The empirical part of the dissertation consists of two case studies. In the first case study, we are concerned with meaning constitution in direct dialogic interaction in the Austrian Parliament. Our data consists of sequences where hecklers from the floor pick up and reuse words, morphemes, constructions, etc. of plenary speakers. This interactional phenomenon of 'resonance' has recently received attention within John W. Du Bois' model of 'dialogic syntax' (2001, 2007, in prep.). In our study, we zoom in on instances of resonance where meanings are exploited and changed across turns in order to trump the interlocutor: e.g. Plenary speaker: 'Only very short-sighted politicians would deny its benefits.' Heckler: 'Then maybe one should buy MP Cap a pair of glasses!'. We studied these instances of what we call 'creative resonance' from three different angles:
1) a typological angle, exploring types and linguistic levels of resonance
(explicit parallelism vs. implicit uptake; syntactic, lexical, morphological, phonological, cross-modal resonance);
2) from the perspective of Langackerian Cognitive Grammar, zooming in on
the interaction between resonance and construal mechanisms like
subjectification/objectification, viewpoint, figure-ground alignment, and granularity;
3) from the perspective of Construction Grammar, modeling resonance as
involving the joint set up of 'ad hoc constructions'.
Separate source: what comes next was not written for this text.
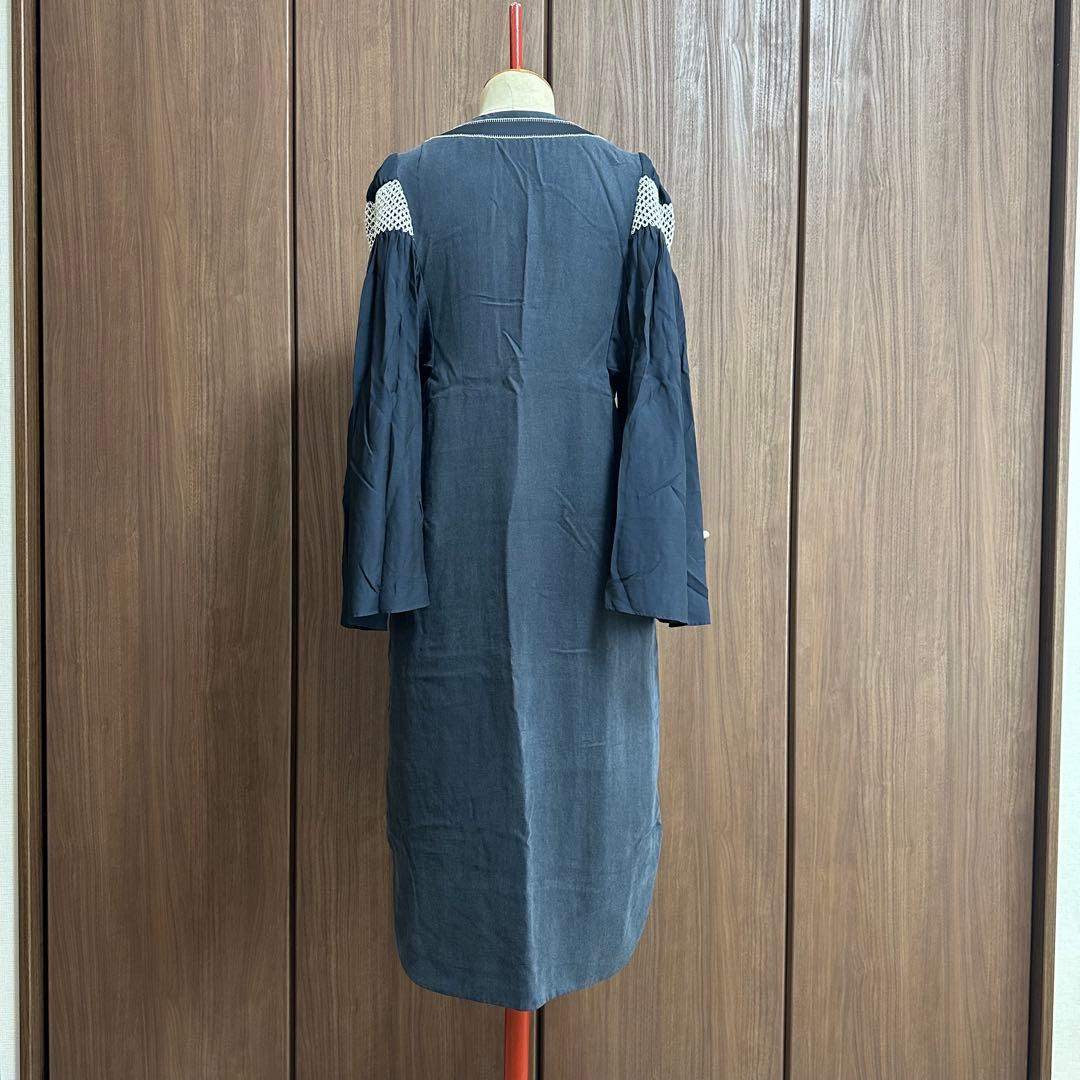 MM17SS-DR079 マメクロゴウチ サイズ2 長袖ワンピース ネイビー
In the second case study, we change our perspective on intersubjective
meaning constitution. Our primary concern with intersubjectivity in this
case study is the way plenary speakers adjust their linguistic and
multimodal behavior to their audience(s). Drawing on the sociolinguistic
concept of 'recipient design' (Sacks/Schegloff/Jefferson 1974) as well as Cognitive Linguistic models of intersubjectivity (Tomasello 1999, Verhagen
2005), we provide an in depth, multimodal analysis of the video recordings
of 10 speeches (5 televised/ 5 non-televised). The results suggest that
non-televised debates only involve 'inner-group intersubjectivity', i.e. speakers design their speeches for their audience in Plenary Hall, not considering the public as a direct addressee. Televised speeches, however, involve the simultaneous management of 'inner-' and 'outer-group intersubjectivity' as the public is inherently co-addressed which results in a very different recipient design on various linguistic and multimodal levels.
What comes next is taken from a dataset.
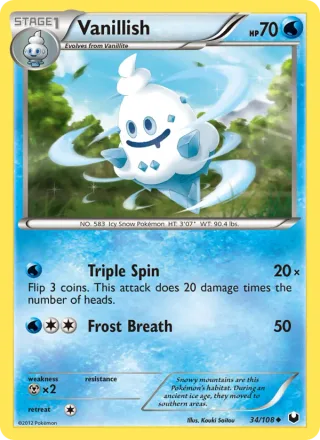 Vanillish #34 · Dark Explorers Pokémon card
By explicitly trying to apply some key concepts of Cognitive Linguistics (construal mechanisms, constructions, intersubjectivity) to interactional
meaning constitution, the dissertation, we hope, is of interest to both
cognitively-oriented scholars as well as interactional linguists. The two case studies also provide new insights into the phenomenon of heckling, interaction, and participation roles in parliamentary debates and may be interesting for political discourse researchers as well.